Chinese Community • Washington DC
Cantonese Community in Washington DC
70,100 Chinese immigrants in DC-Baltimore metro • 9,420 Chinese-speaking households in Central Montgomery County • Chinatown est. 1880s • Friendship Archway 1986 • CCBA-DC est. 1952
DC’s Cantonese community built one of America’s earliest Chinatowns — first on Pennsylvania Avenue in the 1880s, then on H Street NW in the 1930s. Today the Friendship Archway (1986), the largest Chinese arch outside China, still marks the entrance — but only 361 Chinese residents remain in Chinatown proper (2020 Census, down 90% from 2010). The community has relocated to the Rockville–Gaithersburg corridor in Montgomery County, where 9,420 Chinese-speaking households sustain a thriving ecosystem of dim sum restaurants, grocery stores, and the only Cantonese-language school in the entire metro area. The Chinese Community Church (est. 1935) still holds Cantonese worship in Chinatown every Sunday morning. China Garden Han Gong, DC’s oldest Cantonese restaurant, has served dim sum since 1973.

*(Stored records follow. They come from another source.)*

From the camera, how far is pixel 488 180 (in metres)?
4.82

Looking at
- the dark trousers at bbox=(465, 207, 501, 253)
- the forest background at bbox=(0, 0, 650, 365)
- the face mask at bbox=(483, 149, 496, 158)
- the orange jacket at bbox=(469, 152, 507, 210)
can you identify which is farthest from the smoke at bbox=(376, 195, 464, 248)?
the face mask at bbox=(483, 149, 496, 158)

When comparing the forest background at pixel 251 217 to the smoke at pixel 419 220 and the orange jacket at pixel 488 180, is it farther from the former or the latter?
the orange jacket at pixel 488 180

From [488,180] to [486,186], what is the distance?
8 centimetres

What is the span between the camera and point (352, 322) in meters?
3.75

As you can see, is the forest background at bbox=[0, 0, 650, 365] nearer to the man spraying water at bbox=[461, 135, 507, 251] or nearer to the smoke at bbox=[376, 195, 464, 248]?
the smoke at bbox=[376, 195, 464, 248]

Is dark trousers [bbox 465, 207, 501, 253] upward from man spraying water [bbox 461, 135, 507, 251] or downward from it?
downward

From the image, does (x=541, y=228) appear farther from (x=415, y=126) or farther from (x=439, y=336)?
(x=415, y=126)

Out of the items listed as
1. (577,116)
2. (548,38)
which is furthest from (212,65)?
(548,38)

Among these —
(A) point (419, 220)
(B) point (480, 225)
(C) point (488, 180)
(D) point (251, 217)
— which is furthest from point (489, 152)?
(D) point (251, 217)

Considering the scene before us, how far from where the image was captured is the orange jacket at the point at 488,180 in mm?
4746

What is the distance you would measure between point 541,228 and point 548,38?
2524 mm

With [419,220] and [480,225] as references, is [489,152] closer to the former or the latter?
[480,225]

Last updated: March 2026 • Full Chinese Community guide for Washington DC →
Why Cantonese Families Choose Washington DC
The Cantonese community in DC has deep roots — deeper than almost any other Chinese American community on the East Coast outside New York. The first documented Chinese resident registered an address on Pennsylvania Avenue in 1851. By the 1880s, Chinese laundries dotted downtown. By the 1930s, the community had established a permanent Chinatown on H Street NW. Today’s DC Cantonese community is the product of 170 years of continuous presence, shaped by repeated displacement and suburban rebuilding.

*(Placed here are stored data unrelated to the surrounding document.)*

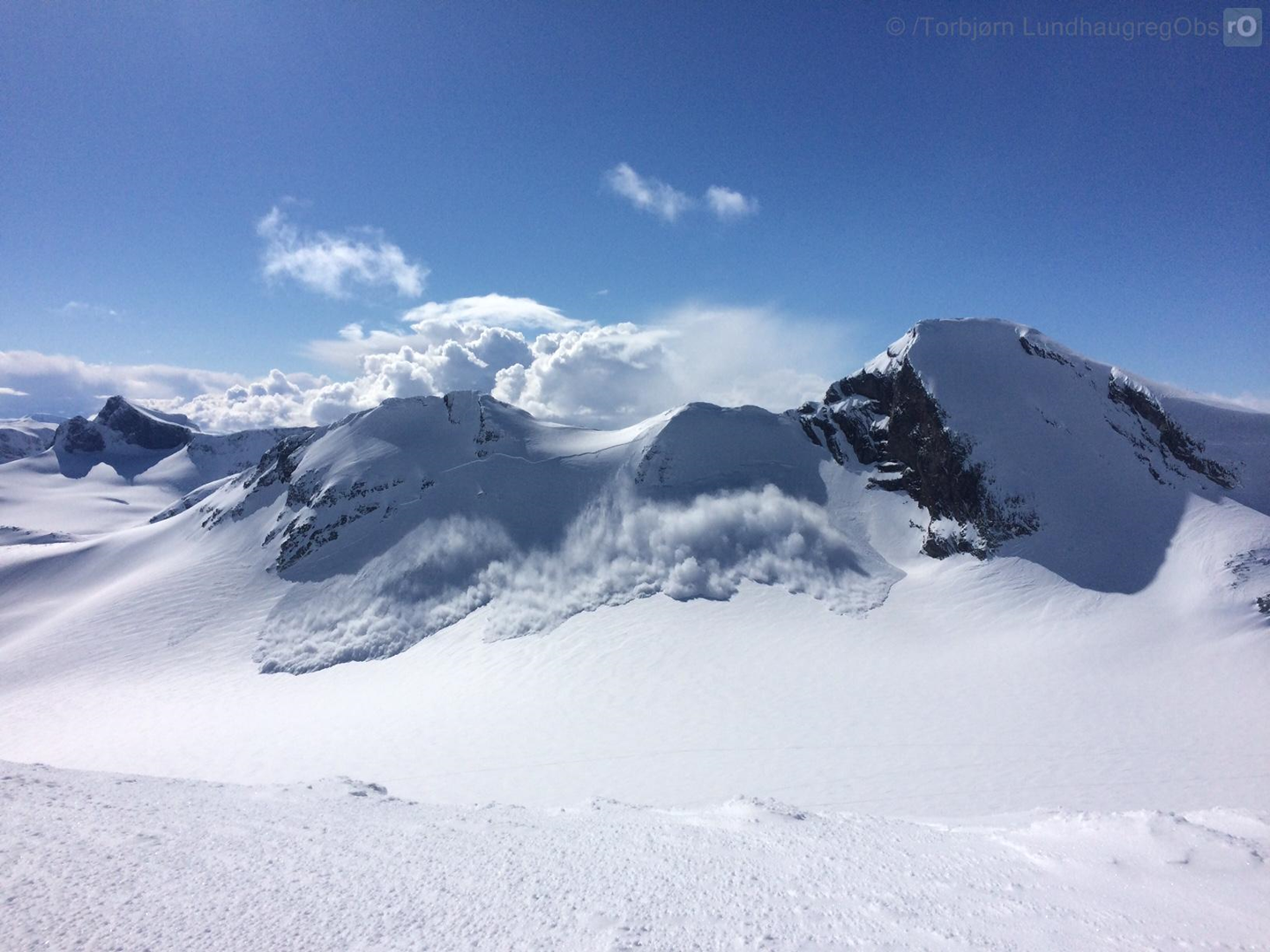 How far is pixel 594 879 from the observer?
7906 mm

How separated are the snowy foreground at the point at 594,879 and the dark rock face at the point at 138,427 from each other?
184305 millimetres

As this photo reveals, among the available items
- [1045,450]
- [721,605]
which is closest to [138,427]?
[721,605]

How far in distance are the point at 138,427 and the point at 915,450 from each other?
189267mm

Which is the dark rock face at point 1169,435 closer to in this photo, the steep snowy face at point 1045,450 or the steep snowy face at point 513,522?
the steep snowy face at point 1045,450

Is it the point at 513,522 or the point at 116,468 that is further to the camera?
the point at 116,468

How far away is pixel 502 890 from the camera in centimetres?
752

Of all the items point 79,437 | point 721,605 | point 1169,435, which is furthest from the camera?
point 79,437

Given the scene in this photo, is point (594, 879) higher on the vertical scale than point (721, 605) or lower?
higher

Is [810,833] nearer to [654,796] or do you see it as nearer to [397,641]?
[654,796]

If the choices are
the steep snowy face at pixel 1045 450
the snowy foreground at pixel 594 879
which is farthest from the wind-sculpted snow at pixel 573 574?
the snowy foreground at pixel 594 879

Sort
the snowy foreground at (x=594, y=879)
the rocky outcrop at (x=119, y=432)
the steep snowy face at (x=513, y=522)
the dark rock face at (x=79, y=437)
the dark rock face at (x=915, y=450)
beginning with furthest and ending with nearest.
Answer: the rocky outcrop at (x=119, y=432) < the dark rock face at (x=79, y=437) < the dark rock face at (x=915, y=450) < the steep snowy face at (x=513, y=522) < the snowy foreground at (x=594, y=879)

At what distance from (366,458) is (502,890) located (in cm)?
3703

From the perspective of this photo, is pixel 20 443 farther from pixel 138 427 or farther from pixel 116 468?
pixel 116 468

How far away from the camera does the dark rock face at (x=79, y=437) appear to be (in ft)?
483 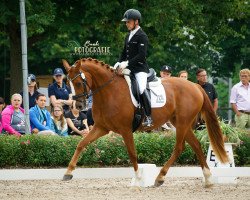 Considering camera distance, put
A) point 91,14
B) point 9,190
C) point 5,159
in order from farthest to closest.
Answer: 1. point 91,14
2. point 5,159
3. point 9,190

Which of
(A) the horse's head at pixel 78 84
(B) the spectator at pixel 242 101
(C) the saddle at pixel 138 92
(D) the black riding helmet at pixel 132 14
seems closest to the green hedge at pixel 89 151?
(B) the spectator at pixel 242 101

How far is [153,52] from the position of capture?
3369 centimetres

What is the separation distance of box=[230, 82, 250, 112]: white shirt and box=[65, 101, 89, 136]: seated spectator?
343 centimetres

What draws new Cantonese immigrants to the DC metro today is different from what sustained the original community. The federal government and its surrounding ecosystem of contractors, think tanks, policy organizations, and international institutions employ thousands of Chinese American professionals. Montgomery County’s public schools are among the best in the nation. The cost of living, while high by national standards, is significantly lower than New York or the Bay Area. And the Rockville–Gaithersburg corridor has quietly built a Cantonese food and community infrastructure that rivals much larger Chinatowns: dim sum restaurants dating back to 1973, a Chinese American Museum four blocks from the White House, and the only Cantonese-language heritage school in the entire metro.

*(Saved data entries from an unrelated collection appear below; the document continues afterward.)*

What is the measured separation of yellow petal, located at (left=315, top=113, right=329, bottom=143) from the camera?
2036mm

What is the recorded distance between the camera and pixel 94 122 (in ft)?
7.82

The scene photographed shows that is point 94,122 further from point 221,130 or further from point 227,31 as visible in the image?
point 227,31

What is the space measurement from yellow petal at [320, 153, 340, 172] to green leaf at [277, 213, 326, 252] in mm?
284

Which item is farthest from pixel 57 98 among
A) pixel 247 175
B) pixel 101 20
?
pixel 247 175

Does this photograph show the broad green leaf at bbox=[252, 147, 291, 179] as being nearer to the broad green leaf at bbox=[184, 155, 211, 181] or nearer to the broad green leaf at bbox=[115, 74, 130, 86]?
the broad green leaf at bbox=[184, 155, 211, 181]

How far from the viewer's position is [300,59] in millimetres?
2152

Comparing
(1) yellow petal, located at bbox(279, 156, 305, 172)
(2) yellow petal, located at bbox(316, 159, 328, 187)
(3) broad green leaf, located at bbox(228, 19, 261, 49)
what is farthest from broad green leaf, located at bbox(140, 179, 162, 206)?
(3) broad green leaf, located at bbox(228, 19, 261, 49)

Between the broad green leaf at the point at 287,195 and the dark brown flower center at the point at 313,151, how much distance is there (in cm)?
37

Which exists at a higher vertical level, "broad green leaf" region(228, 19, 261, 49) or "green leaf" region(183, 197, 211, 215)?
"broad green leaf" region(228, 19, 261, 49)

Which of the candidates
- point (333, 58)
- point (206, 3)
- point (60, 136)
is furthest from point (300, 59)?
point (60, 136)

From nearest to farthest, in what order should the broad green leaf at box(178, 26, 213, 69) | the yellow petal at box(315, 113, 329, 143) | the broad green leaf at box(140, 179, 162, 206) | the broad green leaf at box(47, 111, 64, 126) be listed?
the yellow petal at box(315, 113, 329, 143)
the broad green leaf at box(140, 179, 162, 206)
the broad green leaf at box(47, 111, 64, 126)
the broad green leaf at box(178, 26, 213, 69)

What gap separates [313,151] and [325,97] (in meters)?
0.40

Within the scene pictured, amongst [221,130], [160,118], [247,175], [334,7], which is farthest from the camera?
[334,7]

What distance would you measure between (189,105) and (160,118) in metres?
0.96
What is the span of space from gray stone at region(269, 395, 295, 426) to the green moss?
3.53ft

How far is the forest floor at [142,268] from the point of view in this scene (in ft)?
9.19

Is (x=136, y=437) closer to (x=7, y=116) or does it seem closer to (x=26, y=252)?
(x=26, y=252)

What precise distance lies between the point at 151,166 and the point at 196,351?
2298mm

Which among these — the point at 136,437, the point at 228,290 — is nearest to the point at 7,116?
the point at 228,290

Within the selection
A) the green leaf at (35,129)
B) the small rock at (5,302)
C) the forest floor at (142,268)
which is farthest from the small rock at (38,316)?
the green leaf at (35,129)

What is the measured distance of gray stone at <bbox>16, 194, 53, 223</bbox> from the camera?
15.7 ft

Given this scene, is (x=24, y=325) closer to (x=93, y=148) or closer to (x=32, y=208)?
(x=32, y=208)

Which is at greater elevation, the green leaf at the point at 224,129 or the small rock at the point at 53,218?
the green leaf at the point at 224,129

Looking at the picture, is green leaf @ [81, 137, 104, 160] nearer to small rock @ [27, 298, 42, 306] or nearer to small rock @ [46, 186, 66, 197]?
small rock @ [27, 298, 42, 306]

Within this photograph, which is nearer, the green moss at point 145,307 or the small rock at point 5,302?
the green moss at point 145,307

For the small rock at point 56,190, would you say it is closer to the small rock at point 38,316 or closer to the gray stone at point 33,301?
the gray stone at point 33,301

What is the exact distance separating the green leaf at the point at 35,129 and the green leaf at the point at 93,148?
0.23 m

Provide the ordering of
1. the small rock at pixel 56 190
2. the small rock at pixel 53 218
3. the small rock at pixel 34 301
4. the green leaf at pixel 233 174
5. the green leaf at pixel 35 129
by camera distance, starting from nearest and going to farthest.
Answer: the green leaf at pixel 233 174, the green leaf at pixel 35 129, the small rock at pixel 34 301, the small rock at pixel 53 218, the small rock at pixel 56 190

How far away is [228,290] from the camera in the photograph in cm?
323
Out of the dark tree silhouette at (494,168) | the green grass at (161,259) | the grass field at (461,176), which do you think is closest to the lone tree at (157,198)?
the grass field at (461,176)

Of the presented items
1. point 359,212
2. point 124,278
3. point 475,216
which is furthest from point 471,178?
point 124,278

Where Cantonese Families Live
The Cantonese community’s geography tells a story of displacement and reinvention. The original Chinatown was on Pennsylvania Avenue. Federal construction destroyed it in the 1930s. The replacement on H Street lasted until the 1990s, when the convention center and Capital One Arena emptied it of residents. Today the community lives primarily in the Montgomery County suburbs of Maryland, along a corridor that runs from Rockville through Gaithersburg to North Potomac.
DC Chinatown — What Remains (361 Chinese Residents)
Chinatown is centered on H Street NW between 5th and 7th Streets, around the Friendship Archway (Gallery Place–Chinatown Metro, Green/Yellow lines). The 2020 Census counted just 361 Chinese residents — down from approximately 3,000 in 2010, a nearly 90% drop in a single decade. What remains: Wah Luck House (153 units of subsidized senior housing, the last affordable housing anchor), Museum Square apartments (home to roughly half the remaining Chinese residents), Joy Luck House restaurant (Cantonese wonton noodle soup and congee, opens 7 AM for Chinese breakfast), the Chinese Community Church (Cantonese worship since 1935), and about 10 AAPI-owned small businesses total. In July 2025, Full Kee Restaurant closed after 40+ years to make way for a $75 million Marriott hotel — a watershed moment. DC zoning still requires businesses in Chinatown to display Chinese-character signage, creating the surreal spectacle of a Starbucks with Chinese characters in a neighborhood with almost no Chinese residents.
Rockville, MD — The New Center
Rockville is where the Cantonese community actually lives today. With a 21% Asian (ACS 2022) population — the highest in Maryland — Rockville has become the functional Chinatown of the DC metro. Asian population here grew 79% over the last decade. The community clusters along two corridors: Hungerford Drive (Great Wall Supermarket, multiple Chinese restaurants) and Rockville Pike / Route 355 (East Pearl Restaurant, Far East Restaurant, Asian businesses). China Garden Han Gong on Woodglen Drive has served Cantonese dim sum since 1973 — the oldest continuously operating Cantonese restaurant in the DC metro. Its move from Rosslyn, VA to Rockville mirrors the community’s own suburbanization. The Cantonese School of Greater Washington holds Sunday classes at Ritchie Park Elementary. This is a dispersed suburban community, not a compact enclave — Chinese businesses and institutions are woven into Rockville’s commercial corridors alongside other Asian and non-Asian businesses.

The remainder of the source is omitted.